-------- Provided data

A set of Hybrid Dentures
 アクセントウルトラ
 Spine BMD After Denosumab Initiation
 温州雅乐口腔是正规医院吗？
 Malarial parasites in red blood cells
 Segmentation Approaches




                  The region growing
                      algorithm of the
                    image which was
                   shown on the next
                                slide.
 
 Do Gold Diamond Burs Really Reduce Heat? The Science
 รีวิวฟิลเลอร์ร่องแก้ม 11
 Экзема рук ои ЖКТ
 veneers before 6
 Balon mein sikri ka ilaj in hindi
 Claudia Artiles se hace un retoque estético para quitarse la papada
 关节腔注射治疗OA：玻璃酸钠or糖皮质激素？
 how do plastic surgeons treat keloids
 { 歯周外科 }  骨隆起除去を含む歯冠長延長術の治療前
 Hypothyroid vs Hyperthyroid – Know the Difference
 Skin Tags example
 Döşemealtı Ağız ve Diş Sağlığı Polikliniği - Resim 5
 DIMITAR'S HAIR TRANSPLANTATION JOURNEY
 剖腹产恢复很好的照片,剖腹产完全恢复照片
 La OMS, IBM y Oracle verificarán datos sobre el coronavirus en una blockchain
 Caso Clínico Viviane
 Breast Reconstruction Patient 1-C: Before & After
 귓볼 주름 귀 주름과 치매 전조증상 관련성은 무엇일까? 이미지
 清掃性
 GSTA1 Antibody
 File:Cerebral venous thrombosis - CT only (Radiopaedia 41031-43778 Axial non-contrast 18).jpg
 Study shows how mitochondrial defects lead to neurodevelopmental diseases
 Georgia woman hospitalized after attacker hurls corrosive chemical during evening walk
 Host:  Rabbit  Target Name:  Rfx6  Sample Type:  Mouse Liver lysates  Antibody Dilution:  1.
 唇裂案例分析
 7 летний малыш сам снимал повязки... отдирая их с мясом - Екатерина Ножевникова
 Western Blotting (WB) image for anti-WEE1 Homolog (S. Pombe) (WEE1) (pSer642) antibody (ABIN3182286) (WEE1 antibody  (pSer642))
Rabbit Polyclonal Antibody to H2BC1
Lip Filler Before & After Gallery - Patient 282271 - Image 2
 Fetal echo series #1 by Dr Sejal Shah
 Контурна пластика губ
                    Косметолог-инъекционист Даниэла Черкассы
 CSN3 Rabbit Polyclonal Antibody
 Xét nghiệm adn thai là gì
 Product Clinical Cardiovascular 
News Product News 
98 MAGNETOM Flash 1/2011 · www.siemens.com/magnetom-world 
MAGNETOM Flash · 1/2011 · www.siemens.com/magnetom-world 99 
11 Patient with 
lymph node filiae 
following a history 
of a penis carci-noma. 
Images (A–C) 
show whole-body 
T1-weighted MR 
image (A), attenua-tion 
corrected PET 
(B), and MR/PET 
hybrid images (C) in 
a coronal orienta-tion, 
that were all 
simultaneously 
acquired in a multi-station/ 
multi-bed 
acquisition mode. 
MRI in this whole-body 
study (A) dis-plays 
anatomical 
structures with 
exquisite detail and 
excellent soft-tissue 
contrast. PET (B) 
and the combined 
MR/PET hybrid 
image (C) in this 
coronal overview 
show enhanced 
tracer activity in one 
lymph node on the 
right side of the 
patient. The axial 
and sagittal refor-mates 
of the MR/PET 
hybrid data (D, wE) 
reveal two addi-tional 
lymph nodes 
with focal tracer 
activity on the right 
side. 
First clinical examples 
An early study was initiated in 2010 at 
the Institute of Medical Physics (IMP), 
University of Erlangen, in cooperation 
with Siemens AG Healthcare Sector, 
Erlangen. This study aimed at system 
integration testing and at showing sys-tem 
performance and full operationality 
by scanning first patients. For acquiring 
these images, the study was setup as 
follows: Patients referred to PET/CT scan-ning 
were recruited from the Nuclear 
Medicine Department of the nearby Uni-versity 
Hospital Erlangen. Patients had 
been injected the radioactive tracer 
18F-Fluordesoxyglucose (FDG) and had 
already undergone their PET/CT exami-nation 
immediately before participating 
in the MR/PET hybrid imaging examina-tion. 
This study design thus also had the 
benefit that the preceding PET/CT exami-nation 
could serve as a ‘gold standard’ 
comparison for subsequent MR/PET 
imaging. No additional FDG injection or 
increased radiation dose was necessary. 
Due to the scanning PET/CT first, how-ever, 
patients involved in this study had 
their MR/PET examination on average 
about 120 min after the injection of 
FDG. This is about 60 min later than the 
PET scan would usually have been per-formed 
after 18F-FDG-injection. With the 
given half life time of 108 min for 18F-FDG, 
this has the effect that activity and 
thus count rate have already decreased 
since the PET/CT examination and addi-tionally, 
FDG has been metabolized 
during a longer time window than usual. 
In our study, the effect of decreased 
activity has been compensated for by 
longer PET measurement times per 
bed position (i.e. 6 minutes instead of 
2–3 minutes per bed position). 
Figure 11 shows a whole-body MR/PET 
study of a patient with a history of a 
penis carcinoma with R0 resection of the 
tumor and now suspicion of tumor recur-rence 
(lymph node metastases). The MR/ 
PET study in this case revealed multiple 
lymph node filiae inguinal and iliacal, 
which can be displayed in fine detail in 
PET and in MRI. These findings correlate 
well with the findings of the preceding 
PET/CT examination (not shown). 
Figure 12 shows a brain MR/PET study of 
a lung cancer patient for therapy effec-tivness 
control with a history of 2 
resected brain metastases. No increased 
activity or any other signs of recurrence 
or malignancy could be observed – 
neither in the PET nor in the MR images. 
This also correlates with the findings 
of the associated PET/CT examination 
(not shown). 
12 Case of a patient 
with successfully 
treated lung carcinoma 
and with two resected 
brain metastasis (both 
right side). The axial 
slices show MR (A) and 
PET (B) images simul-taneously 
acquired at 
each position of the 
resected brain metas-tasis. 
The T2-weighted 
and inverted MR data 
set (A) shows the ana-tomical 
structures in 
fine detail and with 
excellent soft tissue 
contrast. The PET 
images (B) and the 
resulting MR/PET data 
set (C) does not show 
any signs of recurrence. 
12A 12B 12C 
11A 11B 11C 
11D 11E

----------------

To do: Repeat only the stretch of lines starting at the one containing "Figure 12 shows a brain MR/PET study of" and running to the final line of the entries above.

Solution:
Figure 12 shows a brain MR/PET study of 
a lung cancer patient for therapy effec-tivness 
control with a history of 2 
resected brain metastases. No increased 
activity or any other signs of recurrence 
or malignancy could be observed – 
neither in the PET nor in the MR images. 
This also correlates with the findings 
of the associated PET/CT examination 
(not shown). 
12 Case of a patient 
with successfully 
treated lung carcinoma 
and with two resected 
brain metastasis (both 
right side). The axial 
slices show MR (A) and 
PET (B) images simul-taneously 
acquired at 
each position of the 
resected brain metas-tasis. 
The T2-weighted 
and inverted MR data 
set (A) shows the ana-tomical 
structures in 
fine detail and with 
excellent soft tissue 
contrast. The PET 
images (B) and the 
resulting MR/PET data 
set (C) does not show 
any signs of recurrence. 
12A 12B 12C 
11A 11B 11C 
11D 11E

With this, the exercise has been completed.